There can’t be a better symbol of American life than having no time to to cook, but having three hours blocked off on our DVRs for all of Gordon Ramsay’s exploits. As the number of cooking shows rises, do our appetites as well? Let’s take a look at some of the known psychological effects of watching cooking shows to determine if it’s a good enough scapegoat for those extra 20 pounds.
Watching What You Eat
Lizzy Pope, an assistant professor of nutrition and food science at the University of Vermont, conducted a study to see if she could find a relationship between people’s health and the types of media they viewed. While the study factored in a number of media sources (YouTube, magazines, newspapers, etc.), Pope found that only cooking shows could be linked to a higher BMI. Conversely, this might just prove that overweight people are more likely to watch cooking shows, since it was not clear whether cooking shows were the cause or result of the increased weight.
Pope claimed, however, that it was unlikely that overweight people just happened to be watching cooking shows due to the phenomenon of “social norming.” Essentially, because people see so many souffles and chicken-fried steaks, they assume that it’s a normal way to eat.

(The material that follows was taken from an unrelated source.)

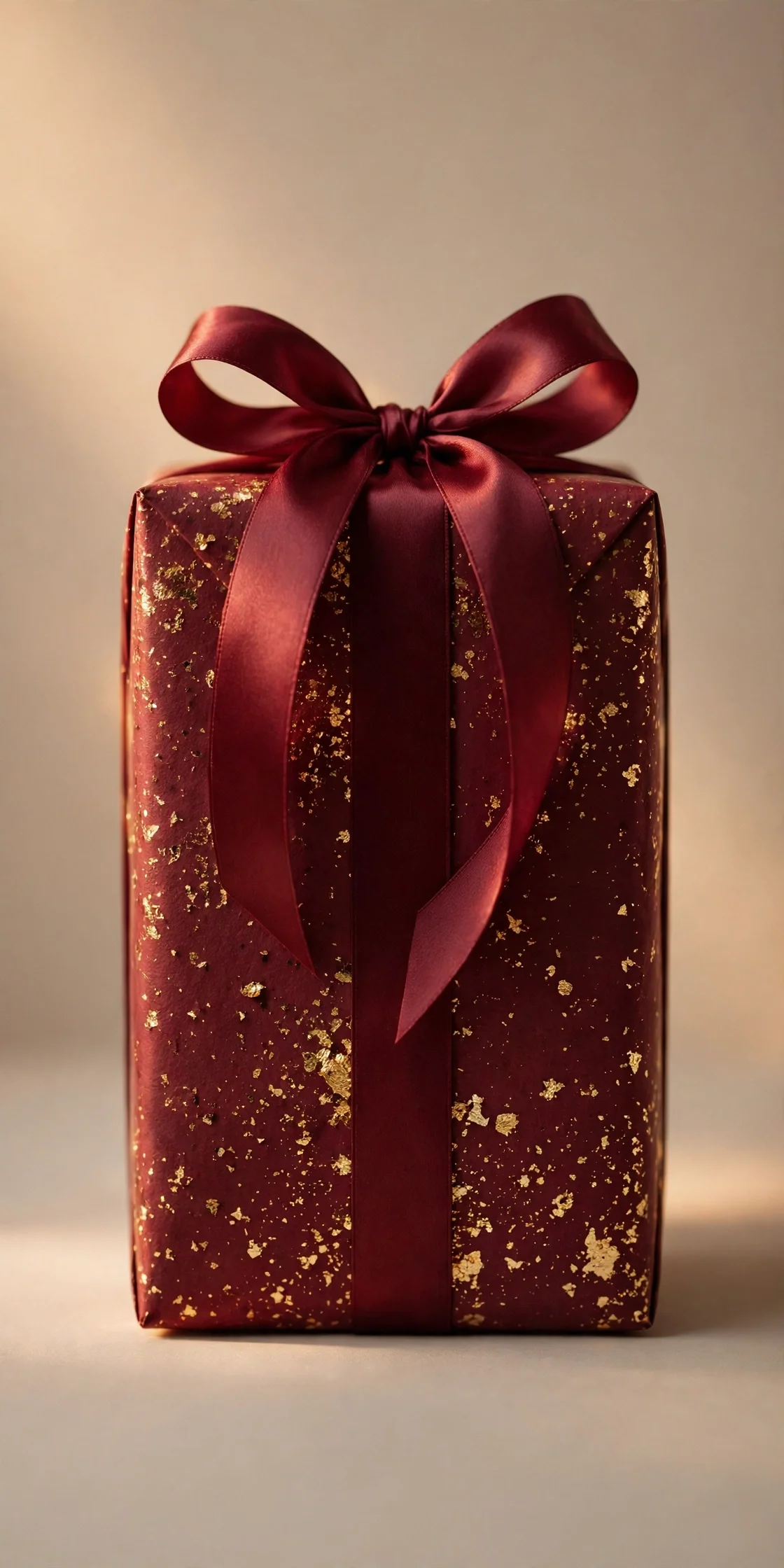 elegant christmas wrapping paper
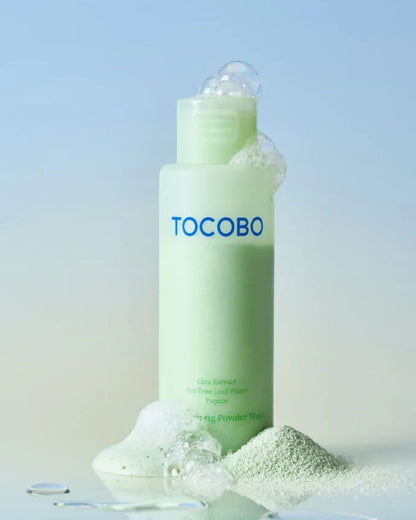 Cica Calming Powder Wash - Limpiador Facial en Polvo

For that same reason, if you watched nothing but beastiality, eventually regular porn (and even IRL sexual encounters) would lose their appeal for you. You sick freak. But if you did a calorie count of a typical cooking show meal, you could just save yourself the hour of watching, head to McDonald’s and achieve practically the same results.
Put Down the Skillet
Because of the two effects described above, people who cook their own meals may actually be worse off. Idolizing someone like Paula Deen (her cooking, not her racism) might lead a moderately skilled cook to think that creating butter-saturated dishes on a daily basis was par for the course. All that fat adds flavor, but also puts inches on your waistline. Maybe pick a hero with some healthier habits—like Keith Richards.
Sharing Is Not Caring
Another dangerous place to obtain your recipes is through social media. As our asshole friends post photos of the extravagant meals they eat on their birthdays or vacations (or just because they’re a big fat slob that goes HAM on every sandwich) we again associate this with normal eating habits. Maybe try taking interesting photos of your cholesterol count instead.
Running on Empty
Another interesting point is about those who watch cooking shows while working out at the gym. The theory is that sometimes you need to dangle a little carrot cake in front of a rabbit to make it run. While the results are physically healthier, the overarching concept is the same as those described above, with a healthy dollop of self-loathing thrown in for flavor. Think of it as visual bulimia, essentially punishing your body for the unhealthy foods you crave, even though in this case you’re not actually indulging in them. What could possibly go wrong with that?